Peu étaient là au départ, fin 2001, quand UP THE BRACKET des Libertines sortait, album rock de la décennie, occulté par la précoce turpitude du duo Barât / Doherty. Sans se faire prier, Doherty a largement aidé à tout bousiller. Dans le fond, j’en entends chuchoter « tant mieux ». Bonne réponse ! Certes, Babyshambles ressemble parfois à une farce, Dirty Pretty Things n’était décidemment pas un projet viable, Yeti (qui ?) furent attendus quoi, 3, 4 ans, pour si peu. Mais Barât / Doherty auraient pu enfiler les albums comme les Kaiser Chiefs, ou pire, les Killers, surproduits, dégoulinants et auraient terminé comme Razorlight, en blanc sur scène.

Au final, tout est là avec cet album solo du natif de Hexham, Northumberland. Il suffit, parfois, de se montrer patient. Vous n’attendez plus rien des Libertines ? Vous pourrez patienter quelque temps avec ce GRACE / WASTELANDS. Car Pete Doherty grandit artistiquement, et reprend son vrai prénom, accessoirement, pour mieux marquer les coup de son virage dans la trentaine. Entouré des siens, l’étrange Wolfman, Adam Ficek, Drew McConnell, Mick Whitnall des Babyshambles, Peter Doherty suprend en invitant l’Ecossaise Dot Allison, connue pour ses nombreuses collaboration avec Massive Attack, Arab Strap ou Death In Vegas. Il lui offre ou co-écrit avec elle de bien beaux morceaux, tels “Sheepskin Tearaway”, ou encore “Portrait Of The Sun” et “Heaven Under Siege”, ici absents de l’album. Présent à la guitare tout au lond des 12 morceaux, Graham Coxon rappelle que l’influence de Blur n’a jamais loin depuis les débuts des Libertines.

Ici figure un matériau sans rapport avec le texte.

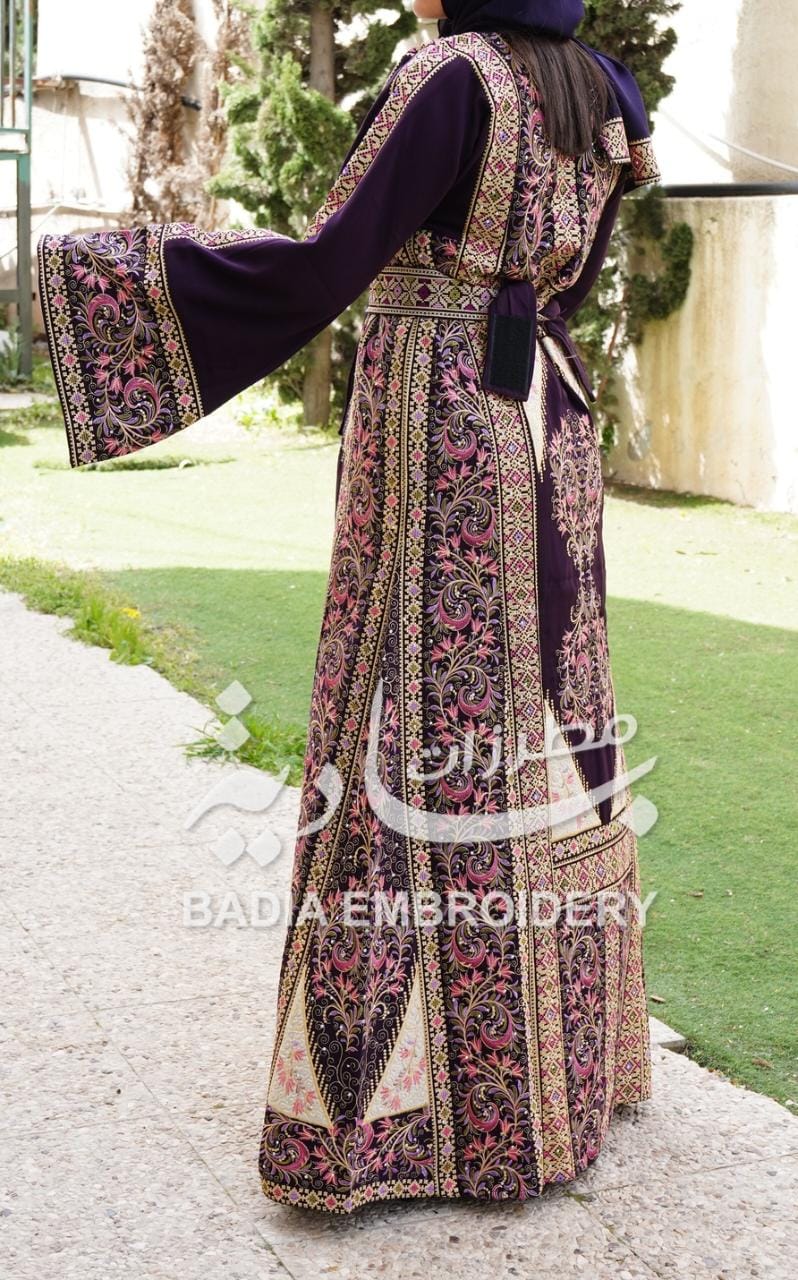 Elegant Maron & Gold Thobe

Alors, forcément, GRACE / WASTELANDS ne fait pas dans le clinquant. La vague rock’n’roll s’est brisée d’un vive éclat, en 2005 déjà. A 30 ans, Doherty semble être déjà vieux. Aujourd’hui, Justice, Empire Of The Sun ou d’autres choses encore plus douteuses et sans âmes tiennent le haut de l’affiche. A 30 ans, il redevient un travailleur de l’ombre, et on recommence à l’aimer. Il prend des risques et fait sonner “A Little Death Around the Eyes” comme si ce titre était une chute de THE AGE OF THE UNDERSTATEMENT des Last Shadow Puppets. “Broken Love Song” démontre la maturité naissante du trublion, on dirait, à choix Paul Weller ou Richard Hawley. Certains titres étaient connus depuis les fameux enregistrements mis en ligne sur Internet, parmis eux SHAKING AND WITHDRAWN – Doherty était convaincu des bienfaits de ce nouvel instrument pour réunir les gens, il en fera les frais par ses pitreries – mais quel plaisir de les retrouver ici arrangés sans être lissés, des petites flammes qui incitent l’auditeur à se poser, enfin. Au fond, d’adolescents fonçant droit dans le mur, Doherty et ses fidèles sont devenus adultes et fatigués par le tumulte. Bien malin qui aurait pu prédire le Peter Doherty version 2009. Une chose est sûre dorénavant : il nous enterrera tous.